Il debutto della Germania, inserita nel girone F, non è stato affatto brillante. La compagine teutonica, campione del Mondo in carica, è crollata al cospetto del Messico, per 0-1, per via del gol siglato al 32′ da Lozano. Disputare la prima partita da campione del Mondo in carica e perderla non rappresenta una novità assoluta, facendo, spesso, da preludio ad un torneo avaro di soddisfazioni.
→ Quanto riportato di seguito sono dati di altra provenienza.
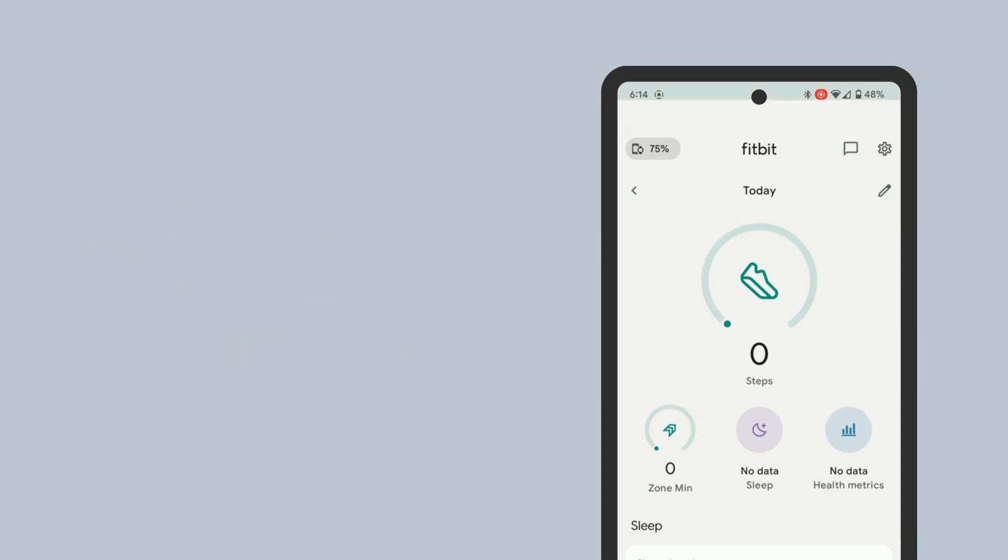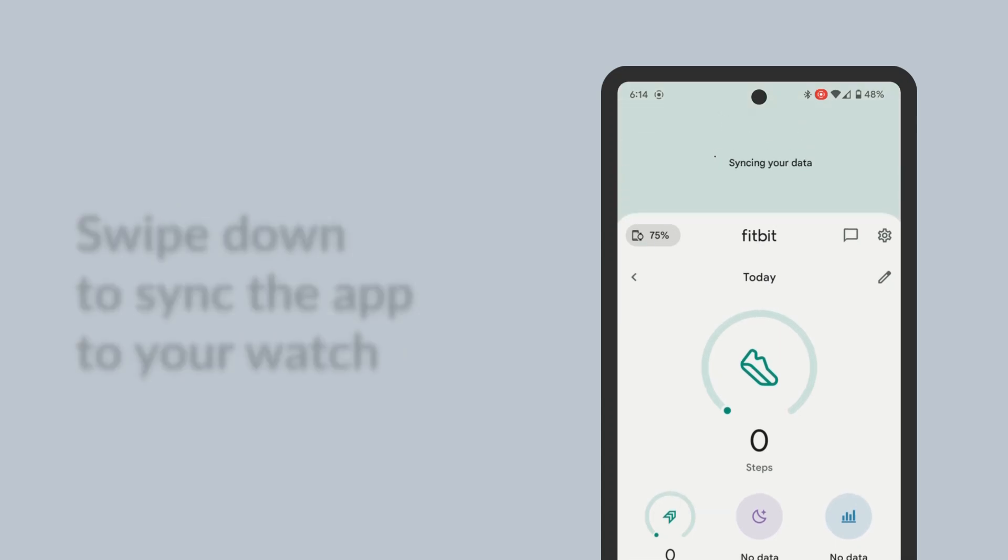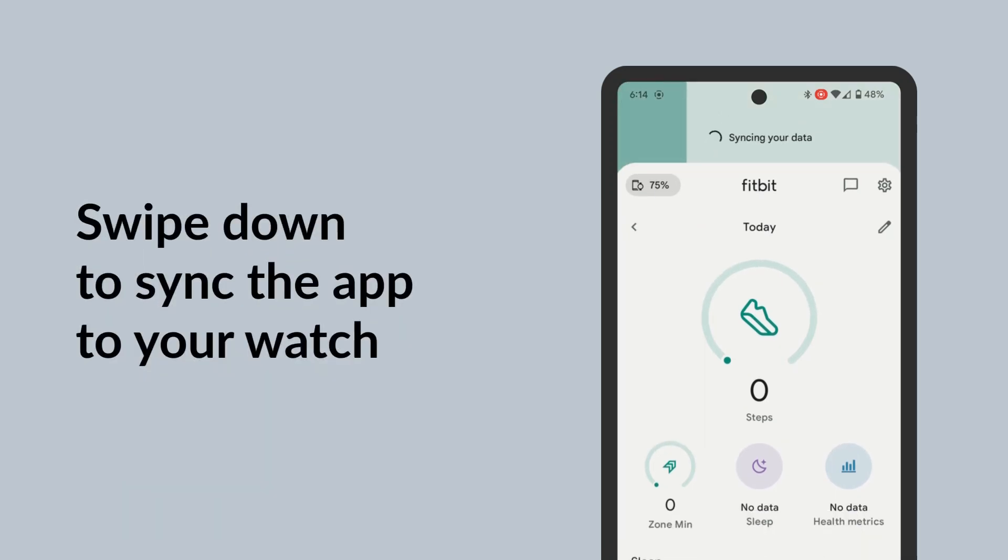Then, at the Fitbit Today page, swipe down from the top to sync the app to your Fitbit smartwatch.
Andando a ritroso negli anni, effettuiamo un breve excursus al fine di osservare attentamente cosa fecero le varie compagini presenti ai Mondiali con l’obiettivo di difendere il prestigioso titolo conquistato quattro anni prima. Ad USA ’94 la Germania, campione del Mondo, non andò oltre i quarti di finale, estromessa dalla sorprendente Bulgaria di Hrsito Stoichkov. Nel 2002, in Corea del Sud e Giappone, la Francia che quattro anni prima, in casa, alzò al cielo la coppa del Mondo, venne addirittura estromessa alla fase a gironi, appannaggio di Danimarca e Senegal. Nel Mondiale del 2006, in Germania, il Brasile “pentacampeon” interruppe il proprio cammino ai quarti di finale, messa fuori causa da un gol di Thierry Henry, contro la Francia. A seguire è il turno dell’Italia che nel Mondiale sudafricano del 2010 non andò oltre la fase a gironi, non riuscendo a superare un raggruppamento per nulla affatto proibitivo con Paraguay, Nuova Zelanda e Slovacchia.
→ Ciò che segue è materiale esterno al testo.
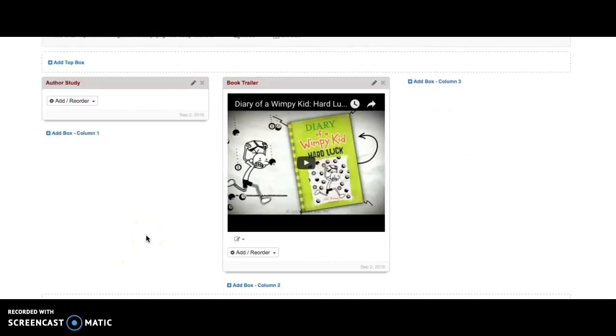Now my video appears as a playable video inside my LibGuides page.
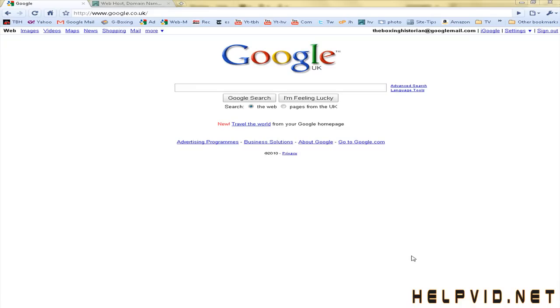Hey there guys and welcome to another tutorial from helpvid.net. Now we're going to create a news sitemap but there is no point in me just creating the sitemap and throwing it out there without going a little bit more in-depth.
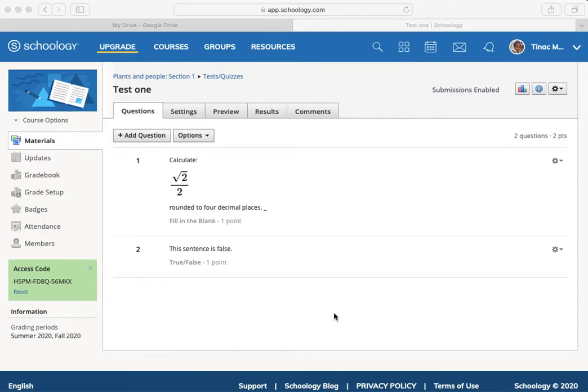In this video, I want to look at essay question creation and marking.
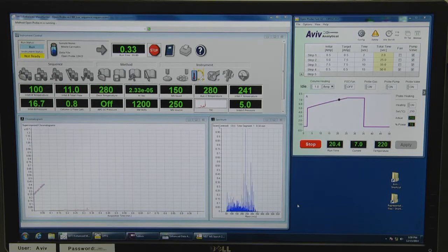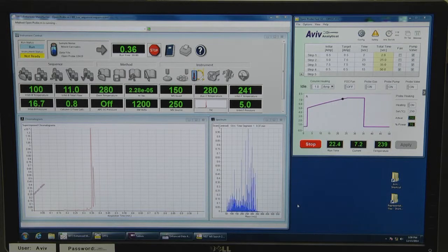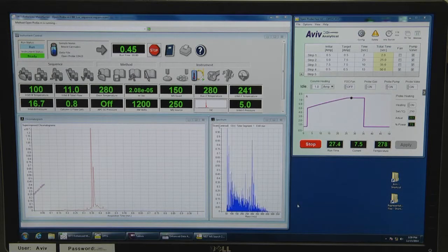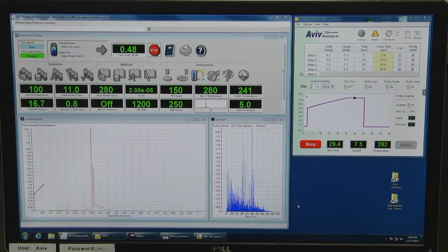After about 20 seconds, the main cannabis active ingredients elute, and after 30 seconds the chromatography ends and ultra-fast column cooling begins shortly after that, ready for the next analysis in 50 seconds.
Infine, con la macchina del tempo, ci fermiamo al 2014, in Brasile, con la Spagna campione del Mondo che disattese tutte le premesse, venendo anch’essa eliminata alla prima fase, lasciando campo libero ad Olanda e Cile. Ora spetta alla Germania di Joachim Low difendere il titolo iridato. La prima uscita contro il Messico non è stata particolarmente convincente, soffrendo di gran lunga l’intraprendenza e la velocità dei ragazzi guidati dal c.t. Osorio, principalmente nella prima frazione di gara. Per recuperare ci sarà tempo, le prossime sfide contro Svezia e Corea del Sud non ammettono passi falsi, altrimenti la tradizione sfavorevole di presentarsi al Mondiale nelle vesti di campione in carica rischierà di proseguire inesorabilmente, a tal punto che un’ipotetica uscita di scena dopo sole tre partite, farà certamente discutere ed aprirà dibattiti e disquisizioni, ma non farà griderà allo scandalo, considerando i precedenti. Muller e compagni dovranno dare il massimo e sovvertire la rotta al fine di evitare il più classico dei titoli da attribuire a questa spedizione russa, ossia: “La caduta degli Dei”.